Word Embedding

21 May 2021

Word Embedding

Think about language input, e.g. a movie review about Interstellar.

The text first should be converted into numeric vectors.

Or image inputs, e.g. handwritten images of numbers.

The classification may be about whether the data sample is positve/negative or, out of 0-10, which number the image is reprensenting.

The text may be more challenging, as they have these so-called word dependencies between words. The longer the text, the more complicated the dependencies within them get.

So, we need a good conversion from text to vectors, and build a good neural networks (the mapping into the given classification layer).

One-hot Vector/Encoding

one-hot-vector

Given a corpus of text, we can get the vocabulary from it (consisting of unique terms), then we set the target vector dimenstion to represnet them. If you use the one-hot encoding, the dimension is equal to the size of the vocabulary. So if your vocab are 10, then the dimension is 10. e.g. “apple” becomes 0000000001 and “banana” becomes 0000000010. Only one index is assigned with value “one”, so one-hot!

Drawbacks of One-hot Representation

Curse of Dimenstionality

Many ML problems become exceedingly difficult when the number of dimensions in the data is high.

Each data sample is sparsely represented.

Information quality gets worse, memory use gets bigger, and computation time gets higher as your dimension gets bigger.

* usually 300 is popular dimension, e.g. Word2Vec.

Orthogonality

If you multiply two one-hot embeddings, you get always get zero. That may means all the two words is euqlly distances in terms of their similarity. e.g. the distance between “dog” and “puppy” is the same as “dog” and “computer”.

This can be called that all word embeddings are orthogonal to each other. We don’t want this for the downstream NLP tasks. We want numeric operations over them, assuming they are embedded in a semantically meaningful way.

Dimensionality Reduction

Due to the curse of dimension, we need to reduce the dimension.

The process of converting a set of high dimenstional data into a lower dimenstional representation that conves similar information.

E.g. Pricipal Component Analysis (PCA), Linear Discrimina Analysis (LDA)

PCA finds a linear subspace that maximized the variance of the data once it is projected into a lower-dimensitonal space. It also minimizes the distance off the projection in a least-squares sense.

PCA

It means that while the data points gets maixmal variance (so that they are well distinguished from each other), we want to keep the pattern intact (the line in the right image well represent the dots!). SO we use the line (or a hyperplane) to replace the dots, reducing a dimension.

Manifold Hypothesis

PCA may be good. But problems get harder and harder as data forms non-linear patterns.

Manifolds hypothesis assumes that natural data often form the non-linear patterns.

Natural data in high dimensional spaces concentrates close to lower dimensional manifolds. Moving away from the supporting manifold (reducing dimension), probability density decreases (model becomes incorrect).

manifold

Reducing dimension in the middle image, the distance between two points A and B, gets very bigger. This may cause problems.
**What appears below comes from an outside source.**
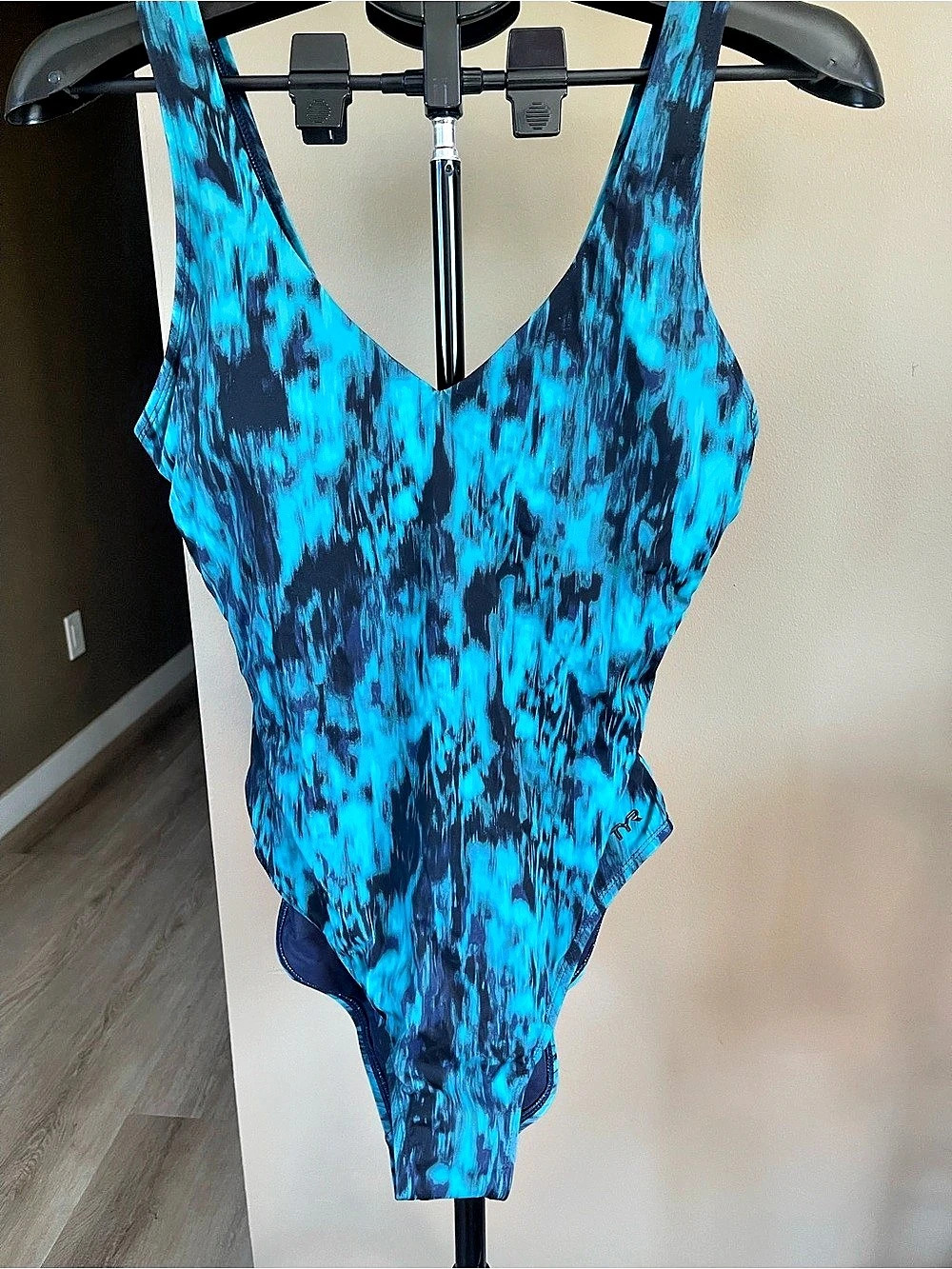 TYR Abstract Blue & Black One Piece Size Large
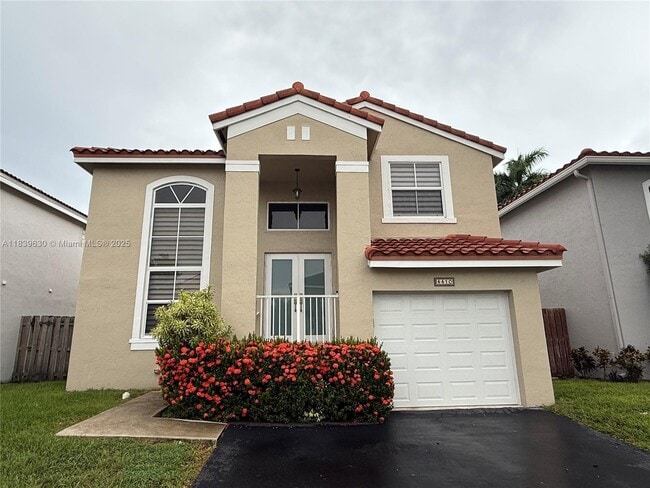 Photo - 4410 SW 82nd Way House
So dont’ just linearize the pattern in manifold patterns (instead of uniform patterns, or etc).

Regarding the words, are they form the manifold pattern? or maybe uniform patterns?

Autoencoder

Autoencoder is a neural network designe to learn an identity function in an unsupervised way to reconstruct the original input while compressing the data in the process so as to discover a more efficient and compressed representation.

autoencoder

The autoencoder was proposed by Geoffrey Hinton, that aims to learn a very good representation in a unsupervised way - it compress the data into lower dimension (in to the bottleneck!) that can be reconstructed into the original data.

This arichtecture design use the bottleneck-based encoder & decoder two networks that accurately reconstruct the data but also reduce the size of dimension!

As the variants of this vanilla autoencoder was proposed, of course, e.g. auto-encoder into bigger dimension, note that this reconstructable & compressed chracteristic of autoencoder is not concrete.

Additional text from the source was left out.